Error encountered on 'Unreal Stacked Lstm example' #80

JaCoderX · 2018-11-21T18:13:31Z

I encountered an error and I'm trying to figure if it is wrong setting on my end or possible bug.

I took the 'Unreal Stacked Lstm example' and set the trainer to work with PPO.
on the strategy params I made the following changes:

MyCerebro.addstrategy(
    ...
    skip_frame=60, # skip_frame_period <= avg_period <= time_embedding_period:
    time_dim = 128,
    avg_period = 100,
    ...

I'm experimenting with skip_frame and time_dim to try and compare two models that are trained with different time frames. with the following settings:

First model -
one year data of 1 min resolution, skip_frame ~ one hour (60 frames), time_dim ~ 2 hours (or above)
Second model
one year data of 1 hour resolution, skip_frame ~ one hour (1 frame), time_dim ~ 120 hours (or above)

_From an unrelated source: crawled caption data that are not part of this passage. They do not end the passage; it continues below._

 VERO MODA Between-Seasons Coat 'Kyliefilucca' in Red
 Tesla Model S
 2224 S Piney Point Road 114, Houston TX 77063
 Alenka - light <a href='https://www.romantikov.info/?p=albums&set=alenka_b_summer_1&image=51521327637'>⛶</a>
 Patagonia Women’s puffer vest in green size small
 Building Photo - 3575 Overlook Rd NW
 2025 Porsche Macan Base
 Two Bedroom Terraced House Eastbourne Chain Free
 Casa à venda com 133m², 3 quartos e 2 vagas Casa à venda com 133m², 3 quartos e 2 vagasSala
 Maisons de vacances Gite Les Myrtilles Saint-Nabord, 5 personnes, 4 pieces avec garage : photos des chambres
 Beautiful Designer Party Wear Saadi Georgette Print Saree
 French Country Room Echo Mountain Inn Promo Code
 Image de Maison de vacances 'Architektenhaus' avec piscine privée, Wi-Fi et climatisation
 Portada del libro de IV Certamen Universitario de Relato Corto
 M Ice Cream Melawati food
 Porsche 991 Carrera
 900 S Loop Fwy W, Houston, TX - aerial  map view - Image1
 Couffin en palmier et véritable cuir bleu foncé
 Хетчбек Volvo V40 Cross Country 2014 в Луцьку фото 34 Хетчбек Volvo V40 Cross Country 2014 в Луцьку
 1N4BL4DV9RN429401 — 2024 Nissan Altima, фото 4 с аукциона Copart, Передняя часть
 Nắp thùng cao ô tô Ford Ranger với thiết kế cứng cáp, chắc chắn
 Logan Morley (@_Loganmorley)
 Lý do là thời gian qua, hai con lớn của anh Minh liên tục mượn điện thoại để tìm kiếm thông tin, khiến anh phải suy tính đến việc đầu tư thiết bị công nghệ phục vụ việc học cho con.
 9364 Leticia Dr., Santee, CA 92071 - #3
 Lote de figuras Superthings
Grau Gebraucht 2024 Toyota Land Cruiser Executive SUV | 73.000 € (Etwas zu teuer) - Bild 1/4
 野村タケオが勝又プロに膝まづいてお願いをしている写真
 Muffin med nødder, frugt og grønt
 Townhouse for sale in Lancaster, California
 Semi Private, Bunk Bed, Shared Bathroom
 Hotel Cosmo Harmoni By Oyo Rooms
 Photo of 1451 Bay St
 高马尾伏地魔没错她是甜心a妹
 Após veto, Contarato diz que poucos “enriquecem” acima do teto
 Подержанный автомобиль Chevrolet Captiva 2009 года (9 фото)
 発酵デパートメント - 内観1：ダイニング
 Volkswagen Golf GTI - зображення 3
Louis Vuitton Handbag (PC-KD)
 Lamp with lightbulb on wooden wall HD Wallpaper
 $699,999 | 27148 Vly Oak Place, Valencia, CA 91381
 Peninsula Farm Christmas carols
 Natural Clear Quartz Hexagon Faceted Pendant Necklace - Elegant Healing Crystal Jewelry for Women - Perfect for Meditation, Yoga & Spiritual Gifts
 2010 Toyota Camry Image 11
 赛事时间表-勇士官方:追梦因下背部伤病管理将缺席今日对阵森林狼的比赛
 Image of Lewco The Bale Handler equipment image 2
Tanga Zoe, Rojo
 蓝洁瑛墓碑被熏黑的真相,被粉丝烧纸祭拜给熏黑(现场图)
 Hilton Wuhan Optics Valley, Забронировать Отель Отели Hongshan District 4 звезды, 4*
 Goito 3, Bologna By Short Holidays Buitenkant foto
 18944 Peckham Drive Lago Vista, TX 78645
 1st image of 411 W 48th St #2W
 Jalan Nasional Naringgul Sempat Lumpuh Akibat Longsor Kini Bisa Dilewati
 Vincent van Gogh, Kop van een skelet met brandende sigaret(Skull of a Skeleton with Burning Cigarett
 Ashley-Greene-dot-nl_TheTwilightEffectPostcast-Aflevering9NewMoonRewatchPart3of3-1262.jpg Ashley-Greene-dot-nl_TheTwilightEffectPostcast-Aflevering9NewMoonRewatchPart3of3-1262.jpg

With this setting the models are making decisions at the same time (every hour) but after learning 2 different representation of the same data.
I'm curious in seeing if the '1 min model' can learn also the representation of the '1 hour model'

I get this error only after changing to the above values (no error on the default values: skip_frame=10, time_dim=30, avg_period=20)

this is the error:

Traceback (most recent call last):
File "/home/jack/anaconda3/lib/python3.6/site-packages/tensorflow/python/client/session.py", line 1292, in _do_call
return fn(*args)
File "/home/jack/anaconda3/lib/python3.6/site-packages/tensorflow/python/client/session.py", line 1277, in _run_fn
options, feed_dict, fetch_list, target_list, run_metadata)
File "/home/jack/anaconda3/lib/python3.6/site-packages/tensorflow/python/client/session.py", line 1367, in _call_tf_sessionrun
run_metadata)
tensorflow.python.framework.errors_impl.InvalidArgumentError: Nan in summary histogram for: PPO/model/advantage
[[{{node PPO/model/advantage}} = HistogramSummary[T=DT_FLOAT, _device="/job:worker/replica:0/task:0/device:CPU:0"](PPO/model/advantage/tag, _recv_PPO/PPO/on_policy_advantage_pl_0)]]
[[{{node PPO/clip_by_global_norm/mul_47_S555}} = _Recvclient_terminated=false, recv_device="/job:ps/replica:0/task:0/device:CPU:0", send_device="/job:worker/replica:0/task:0/device:CPU:0", send_device_incarnation=-1203984878618912631, tensor_name="edge_4873_PPO/clip_by_global_norm/mul_47", tensor_type=DT_FLOAT, _device="/job:ps/replica:0/task:0/device:CPU:0"]]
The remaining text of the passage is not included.